Innovation in the data science stack is something that data scientists seem to be prepared for: JupyterLab was introduced to NERSC users as the default notebook option while it was still in beta, and we learned how to support it while users learned to use it. Users even share solutions or give us advice about issues with Jupyter. What we have found here is that proactive engagement with users about Jupyter plans, status, and feedback actually helps cultivate user interest in experimentation with new features as the need arises.
As supercomputing shifts to accelerator hardware to maintain performance growth as Moore's Law withers away, GPUs take center stage for Jupyter in HPC. Jupyter has become a principal platform for GPU-powered AI and analytics application workflows built on Tensorflow, PyTorch, and RAPIDS. NERSC's first production system with a GPU partition, Perlmutter, is arriving in 2021 with "built-in" Jupyter support from the vendor. This is happening because system vendors see Jupyter as a key component of the data/AI ecosystem and are motivated to engage with HPC centers to meet user needs.
Rollin add back paragraph about engagement: Authorea ate it.

Use Cases

We noticed some common patterns in our engagements with scientific users that use Jupyter for their computational workflows on NERSC systems. At the highest level there is a need for combining exploration of very large datasets with some computational and analytical capabilities. Crucially the scale of data or compute (or both) required to enable these workflows typically exceeds the capacity of the users own machines and the users need a user-friendly way to drive these large-scale workflows interactively.
We often see a two phased approach, where the user performs some local notebook development and then runs these on machines like NERSC on their production data and compute pipelines. It is important to be able to seamlessly go between these modes and our approach is grounded in trying to make sure that a user can easily take a notebook and its associated environment over to our systems, with minimal effort and making sure that they have a consistent user experience.

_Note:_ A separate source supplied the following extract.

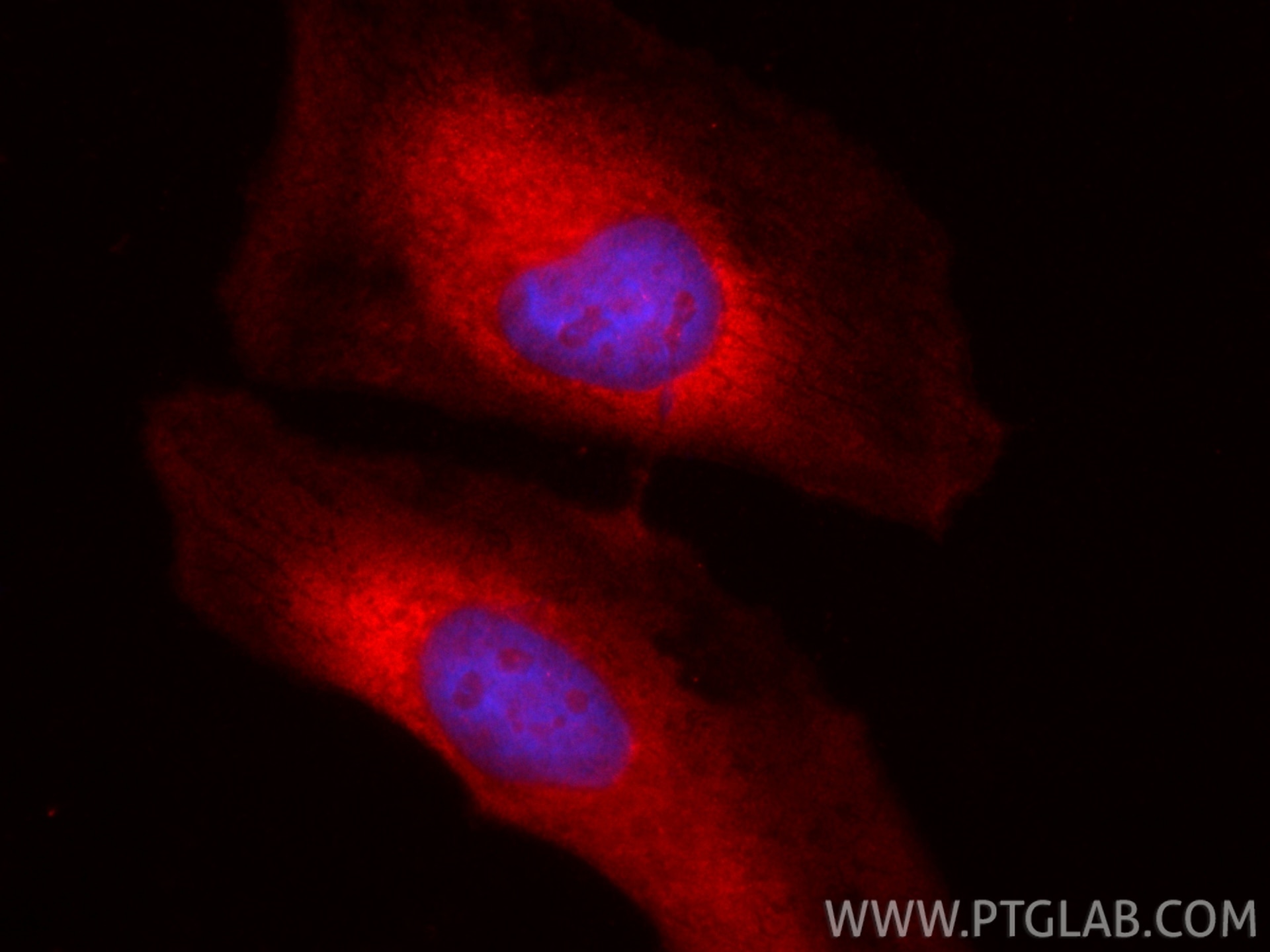 Immunofluorescence (IF) / fluorescent staining of HeLa cells using CoraLite®594-conjugated HSP70 Polyclonal antibody (CL594-10995)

As an example, we describe a use case [ref: Heagy et al.] applying geophysical simulations and inversions for imaging the subsurface. This was done by running 1000 1D inversions that each produces a layered model of the subsurface conductivity, which are then stitched together to create a 3D model. The goal of this particular survey was to try and understand why the Murray River in Australia was becoming more saline. This involved running simulations, data analysis, and machine learning ML on HPC systems. The outputs of these runs need to be visualized and queried interactively. The initial workflow was developed on the users local  laptop environment, and needed to be scaled up at NERSC.
In practice this involves running Jupyter at NERSC in a Docker container with a pre-defined reproducible software environment. Parallel computing workers are launched on Cori from Jupyter with the "Dask-jobqueue" Jupyter extension. Workers can be scaled up or down on-demand. The SimPeg Inversion notebook farms out parallel tasks to Dask - the results of these parallel runs are pulled into notebook and visualized. Running of a large batch of simulations is then used to generate data for a machine learning application.